Labour agriculture spokesman Willie Penrose described the disclosures as a “bridge too far” and an example of “bureaucracy gone mad”.

He described the publication of payments as a “charter for nosey parkers”.

“It is personal financial information, and many of the recipient farmers live in isolated rural areas and confidentiality is important to them as indeed is their security,” he said.

The Fine Gael spokesman on community, rural and Gaeltacht affairs, Michael Ring, said publishing such details would attract criminals and infringed on the privacy of individuals living in rural Ireland.

“It made no sense and they wonder why the people in Ireland voted against the recent referendum.

“This is one of the reasons – over-regulation,” he said.

The Irish Cattle and Sheep Farmers Association (ICSA) also condemned the decision.

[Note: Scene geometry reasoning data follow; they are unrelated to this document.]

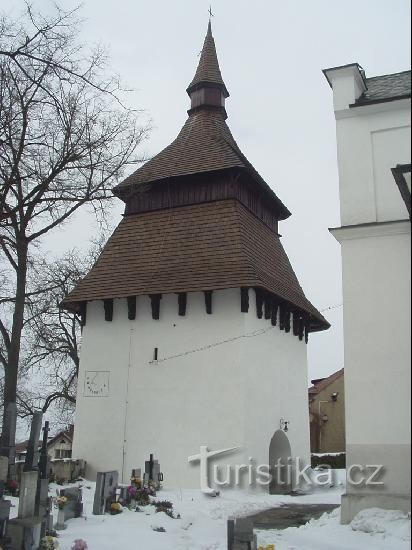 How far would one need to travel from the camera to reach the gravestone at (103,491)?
9438 mm

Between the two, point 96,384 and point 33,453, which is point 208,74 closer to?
point 96,384

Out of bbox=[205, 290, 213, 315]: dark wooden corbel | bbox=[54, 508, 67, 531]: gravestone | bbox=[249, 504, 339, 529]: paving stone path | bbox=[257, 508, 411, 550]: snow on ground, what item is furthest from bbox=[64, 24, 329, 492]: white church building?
bbox=[257, 508, 411, 550]: snow on ground

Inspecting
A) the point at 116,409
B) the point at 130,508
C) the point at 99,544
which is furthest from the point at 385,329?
the point at 116,409

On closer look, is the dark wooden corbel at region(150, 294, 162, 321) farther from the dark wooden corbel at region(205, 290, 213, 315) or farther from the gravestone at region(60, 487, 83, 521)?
the gravestone at region(60, 487, 83, 521)

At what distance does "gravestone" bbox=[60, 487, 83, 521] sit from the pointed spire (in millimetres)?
15135

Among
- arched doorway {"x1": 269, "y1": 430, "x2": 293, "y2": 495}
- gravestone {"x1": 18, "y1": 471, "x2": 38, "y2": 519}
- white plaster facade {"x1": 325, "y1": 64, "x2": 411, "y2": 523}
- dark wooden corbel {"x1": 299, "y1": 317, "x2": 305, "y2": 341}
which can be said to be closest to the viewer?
white plaster facade {"x1": 325, "y1": 64, "x2": 411, "y2": 523}

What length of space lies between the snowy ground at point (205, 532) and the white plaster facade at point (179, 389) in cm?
299

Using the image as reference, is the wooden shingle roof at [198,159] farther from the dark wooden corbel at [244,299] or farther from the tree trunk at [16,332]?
the dark wooden corbel at [244,299]

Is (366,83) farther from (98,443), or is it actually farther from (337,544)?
(98,443)

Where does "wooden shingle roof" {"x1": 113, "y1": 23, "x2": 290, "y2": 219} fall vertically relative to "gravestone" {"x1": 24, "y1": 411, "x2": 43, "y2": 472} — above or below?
above

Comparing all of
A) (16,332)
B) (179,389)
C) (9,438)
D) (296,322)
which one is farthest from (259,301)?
(9,438)

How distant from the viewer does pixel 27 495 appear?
300 inches

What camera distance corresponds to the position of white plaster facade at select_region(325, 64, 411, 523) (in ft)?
23.5

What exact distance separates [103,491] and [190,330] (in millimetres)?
5535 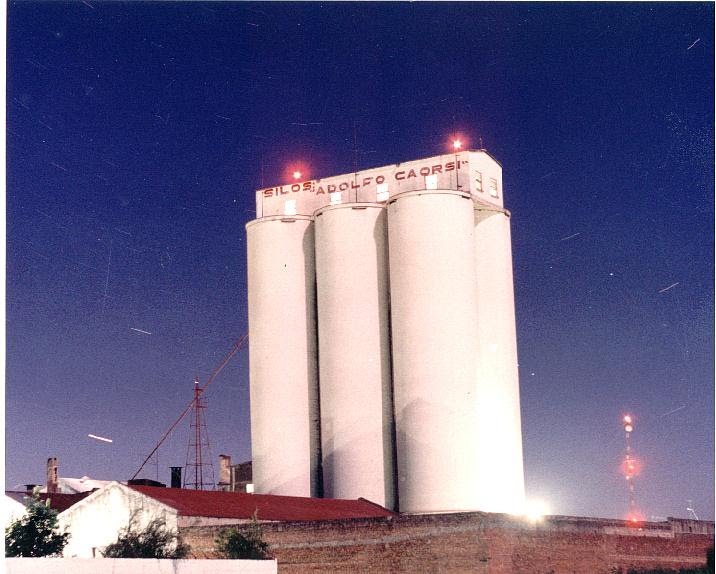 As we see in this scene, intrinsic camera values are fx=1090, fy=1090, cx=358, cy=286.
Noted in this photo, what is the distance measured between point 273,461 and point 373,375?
7.10 m

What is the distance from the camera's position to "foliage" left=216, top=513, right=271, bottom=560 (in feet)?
125

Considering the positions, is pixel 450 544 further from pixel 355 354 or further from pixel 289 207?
pixel 289 207

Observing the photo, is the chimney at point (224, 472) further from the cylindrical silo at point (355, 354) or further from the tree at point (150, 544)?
the tree at point (150, 544)

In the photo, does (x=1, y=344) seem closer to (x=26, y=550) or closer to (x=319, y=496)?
(x=26, y=550)

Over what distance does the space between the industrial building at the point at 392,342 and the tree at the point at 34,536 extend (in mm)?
18478

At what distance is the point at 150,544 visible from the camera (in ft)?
121

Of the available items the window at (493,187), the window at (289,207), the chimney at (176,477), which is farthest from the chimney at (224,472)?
the window at (493,187)

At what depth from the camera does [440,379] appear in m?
50.2

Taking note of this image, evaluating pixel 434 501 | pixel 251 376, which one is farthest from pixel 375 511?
pixel 251 376

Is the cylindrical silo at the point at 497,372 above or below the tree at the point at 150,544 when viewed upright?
above

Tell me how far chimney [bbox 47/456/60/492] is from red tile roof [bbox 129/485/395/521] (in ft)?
68.1

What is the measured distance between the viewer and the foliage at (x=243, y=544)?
125 ft

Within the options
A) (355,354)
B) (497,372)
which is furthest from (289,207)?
(497,372)

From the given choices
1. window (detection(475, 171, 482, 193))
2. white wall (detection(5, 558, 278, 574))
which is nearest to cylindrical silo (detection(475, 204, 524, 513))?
window (detection(475, 171, 482, 193)) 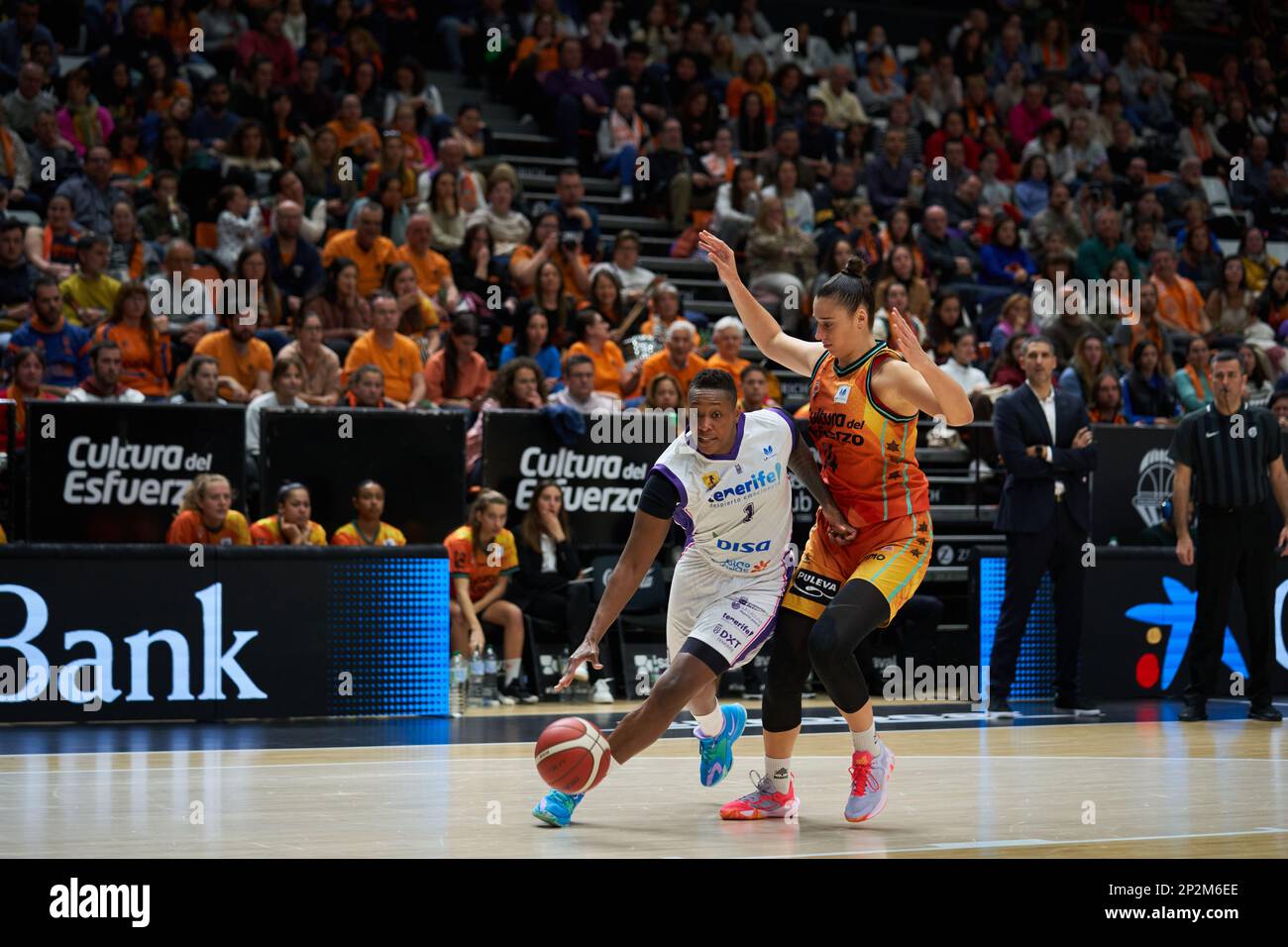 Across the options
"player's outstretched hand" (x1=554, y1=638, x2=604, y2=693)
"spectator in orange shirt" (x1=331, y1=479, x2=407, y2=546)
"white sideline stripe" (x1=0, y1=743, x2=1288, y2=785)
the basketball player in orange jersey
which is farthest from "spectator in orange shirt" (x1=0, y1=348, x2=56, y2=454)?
the basketball player in orange jersey

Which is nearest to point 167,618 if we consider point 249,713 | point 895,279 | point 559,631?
point 249,713

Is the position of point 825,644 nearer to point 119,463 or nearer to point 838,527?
point 838,527

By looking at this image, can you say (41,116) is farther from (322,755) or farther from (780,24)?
(780,24)

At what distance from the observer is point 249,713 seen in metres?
10.6

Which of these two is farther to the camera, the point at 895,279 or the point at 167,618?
the point at 895,279

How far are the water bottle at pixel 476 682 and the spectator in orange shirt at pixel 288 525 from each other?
1388 mm

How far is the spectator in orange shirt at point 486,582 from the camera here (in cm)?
1196

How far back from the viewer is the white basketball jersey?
265 inches

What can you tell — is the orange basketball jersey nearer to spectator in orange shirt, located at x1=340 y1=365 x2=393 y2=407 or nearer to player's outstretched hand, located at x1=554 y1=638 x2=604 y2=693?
player's outstretched hand, located at x1=554 y1=638 x2=604 y2=693

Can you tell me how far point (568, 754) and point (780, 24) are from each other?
A: 1766cm

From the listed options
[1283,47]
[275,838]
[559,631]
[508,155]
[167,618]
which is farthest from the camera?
[1283,47]

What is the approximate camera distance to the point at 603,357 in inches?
555

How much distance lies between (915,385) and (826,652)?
1.11 metres

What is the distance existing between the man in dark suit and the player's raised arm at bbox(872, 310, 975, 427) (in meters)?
4.63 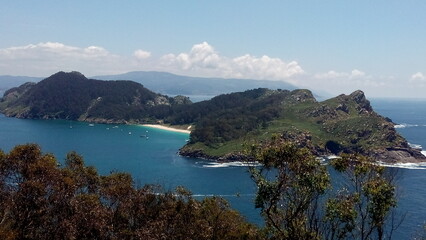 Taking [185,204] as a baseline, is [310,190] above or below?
above

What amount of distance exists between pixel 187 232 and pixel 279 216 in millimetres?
11923

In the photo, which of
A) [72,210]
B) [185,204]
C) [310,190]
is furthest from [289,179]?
[185,204]

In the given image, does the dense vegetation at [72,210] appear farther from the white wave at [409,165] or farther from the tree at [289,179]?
the white wave at [409,165]

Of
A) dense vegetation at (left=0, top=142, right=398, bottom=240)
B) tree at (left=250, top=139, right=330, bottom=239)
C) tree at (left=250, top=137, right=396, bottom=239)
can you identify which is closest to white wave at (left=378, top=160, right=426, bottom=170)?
dense vegetation at (left=0, top=142, right=398, bottom=240)

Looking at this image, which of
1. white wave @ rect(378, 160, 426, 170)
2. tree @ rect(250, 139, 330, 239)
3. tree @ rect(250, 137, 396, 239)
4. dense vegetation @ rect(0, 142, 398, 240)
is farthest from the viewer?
white wave @ rect(378, 160, 426, 170)

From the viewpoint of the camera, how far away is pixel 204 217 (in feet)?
153

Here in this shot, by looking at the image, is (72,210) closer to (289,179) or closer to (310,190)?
(289,179)

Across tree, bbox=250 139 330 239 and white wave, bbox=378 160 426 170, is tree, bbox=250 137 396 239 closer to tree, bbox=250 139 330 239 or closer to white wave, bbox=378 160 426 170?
tree, bbox=250 139 330 239

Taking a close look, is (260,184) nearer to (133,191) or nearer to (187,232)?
(187,232)

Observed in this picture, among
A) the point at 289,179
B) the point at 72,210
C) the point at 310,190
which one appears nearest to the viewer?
the point at 310,190

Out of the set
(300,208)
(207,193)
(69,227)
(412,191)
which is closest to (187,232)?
(69,227)

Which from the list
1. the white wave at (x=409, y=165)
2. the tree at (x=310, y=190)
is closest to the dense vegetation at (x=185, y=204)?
the tree at (x=310, y=190)

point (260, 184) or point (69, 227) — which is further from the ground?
point (260, 184)

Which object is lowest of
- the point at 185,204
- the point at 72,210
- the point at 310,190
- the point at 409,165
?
the point at 409,165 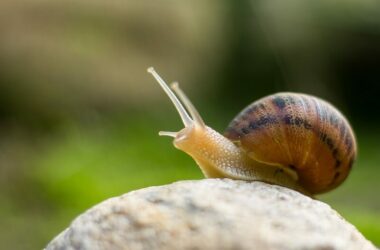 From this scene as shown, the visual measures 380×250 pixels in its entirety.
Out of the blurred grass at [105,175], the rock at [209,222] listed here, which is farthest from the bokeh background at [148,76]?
the rock at [209,222]

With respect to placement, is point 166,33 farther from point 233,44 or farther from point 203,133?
point 203,133

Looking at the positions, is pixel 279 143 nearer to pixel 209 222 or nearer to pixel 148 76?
pixel 209 222

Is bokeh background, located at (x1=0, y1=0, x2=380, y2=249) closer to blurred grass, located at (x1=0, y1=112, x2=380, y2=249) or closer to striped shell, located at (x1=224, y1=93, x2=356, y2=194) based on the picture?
blurred grass, located at (x1=0, y1=112, x2=380, y2=249)

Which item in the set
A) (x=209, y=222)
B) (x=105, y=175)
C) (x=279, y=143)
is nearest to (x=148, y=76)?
(x=105, y=175)

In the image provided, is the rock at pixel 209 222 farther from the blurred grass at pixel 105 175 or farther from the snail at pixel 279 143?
the blurred grass at pixel 105 175

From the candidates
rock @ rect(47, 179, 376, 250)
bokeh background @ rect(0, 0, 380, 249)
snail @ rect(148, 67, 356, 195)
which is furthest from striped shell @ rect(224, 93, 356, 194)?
bokeh background @ rect(0, 0, 380, 249) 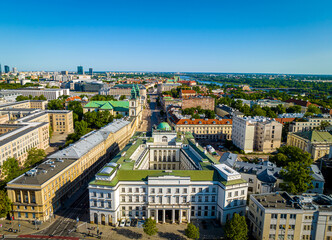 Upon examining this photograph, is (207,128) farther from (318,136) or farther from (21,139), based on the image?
(21,139)

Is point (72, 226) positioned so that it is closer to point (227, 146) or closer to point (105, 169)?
point (105, 169)

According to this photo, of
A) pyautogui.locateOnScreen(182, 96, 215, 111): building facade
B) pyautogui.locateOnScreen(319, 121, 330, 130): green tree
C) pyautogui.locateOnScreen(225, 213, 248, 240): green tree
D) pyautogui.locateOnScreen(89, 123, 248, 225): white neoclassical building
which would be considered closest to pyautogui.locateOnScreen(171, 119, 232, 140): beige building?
pyautogui.locateOnScreen(319, 121, 330, 130): green tree

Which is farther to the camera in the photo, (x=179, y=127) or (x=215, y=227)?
(x=179, y=127)

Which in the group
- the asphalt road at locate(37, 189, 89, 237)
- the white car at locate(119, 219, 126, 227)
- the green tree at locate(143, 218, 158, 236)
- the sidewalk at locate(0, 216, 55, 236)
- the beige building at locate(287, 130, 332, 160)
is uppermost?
the beige building at locate(287, 130, 332, 160)

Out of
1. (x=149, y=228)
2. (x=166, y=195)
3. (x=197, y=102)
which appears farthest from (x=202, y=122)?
(x=149, y=228)

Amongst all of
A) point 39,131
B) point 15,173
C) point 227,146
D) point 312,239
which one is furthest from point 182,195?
point 39,131

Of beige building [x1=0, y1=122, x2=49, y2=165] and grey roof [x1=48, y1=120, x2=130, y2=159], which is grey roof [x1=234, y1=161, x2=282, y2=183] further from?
beige building [x1=0, y1=122, x2=49, y2=165]

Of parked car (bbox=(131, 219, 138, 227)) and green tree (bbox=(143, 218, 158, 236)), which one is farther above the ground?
green tree (bbox=(143, 218, 158, 236))

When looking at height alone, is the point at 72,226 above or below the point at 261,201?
below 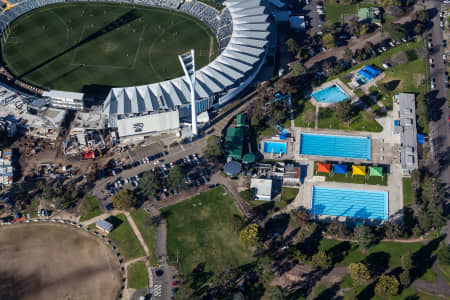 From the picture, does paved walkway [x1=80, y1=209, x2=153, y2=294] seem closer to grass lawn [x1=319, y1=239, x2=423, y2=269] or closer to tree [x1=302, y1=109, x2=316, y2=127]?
grass lawn [x1=319, y1=239, x2=423, y2=269]

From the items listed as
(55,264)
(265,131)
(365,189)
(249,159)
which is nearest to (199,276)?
(55,264)

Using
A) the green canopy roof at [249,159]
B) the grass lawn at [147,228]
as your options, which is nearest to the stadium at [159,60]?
the green canopy roof at [249,159]

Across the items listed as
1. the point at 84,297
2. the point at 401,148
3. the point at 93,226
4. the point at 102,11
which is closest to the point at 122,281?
the point at 84,297

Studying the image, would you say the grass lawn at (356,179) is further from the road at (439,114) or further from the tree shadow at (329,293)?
the tree shadow at (329,293)

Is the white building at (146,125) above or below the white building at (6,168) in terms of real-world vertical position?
above

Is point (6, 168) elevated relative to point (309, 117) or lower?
lower

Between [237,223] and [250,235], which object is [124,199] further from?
[250,235] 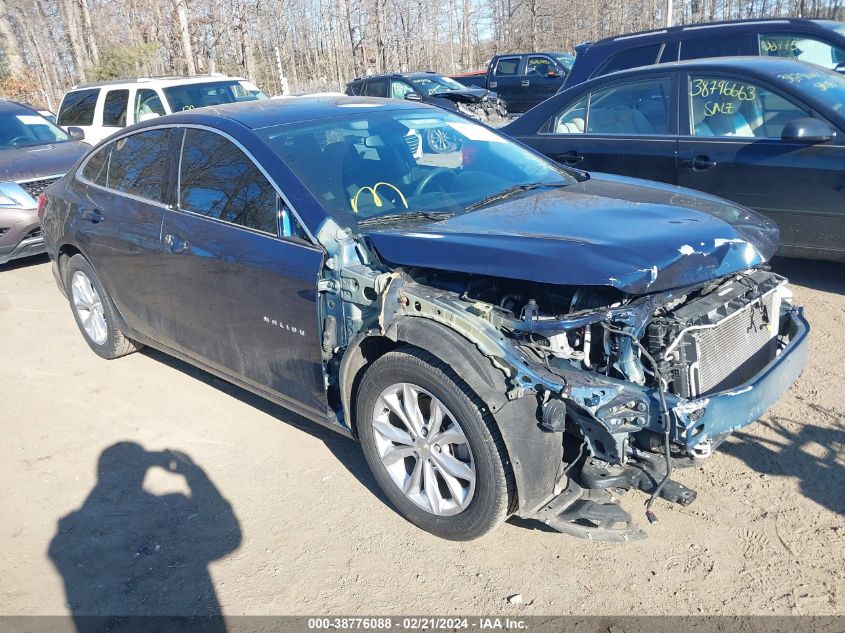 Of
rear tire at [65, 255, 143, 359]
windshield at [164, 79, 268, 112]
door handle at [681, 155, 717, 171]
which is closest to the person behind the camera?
rear tire at [65, 255, 143, 359]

Its rural development chairman, Gabriel Gilmartin, described it as a “serious invasion of privacy”.

He added that the disclosure would cause farm families “serious distress”.

Although the Irish Farmers Association (IFA) president Pádraig Walshe said its organisation had been inundated with angry calls from farmers and that publication would serve no useful purpose, the IFA also said that farmers had nothing to hide.

“It’s a done deal and it is not going to be changed,” a IFA source said.

“The Single Farm Payment is paid out across 27 member states to help meet the stringent food safety, animal welfare and environmental standards demanded by the EU.”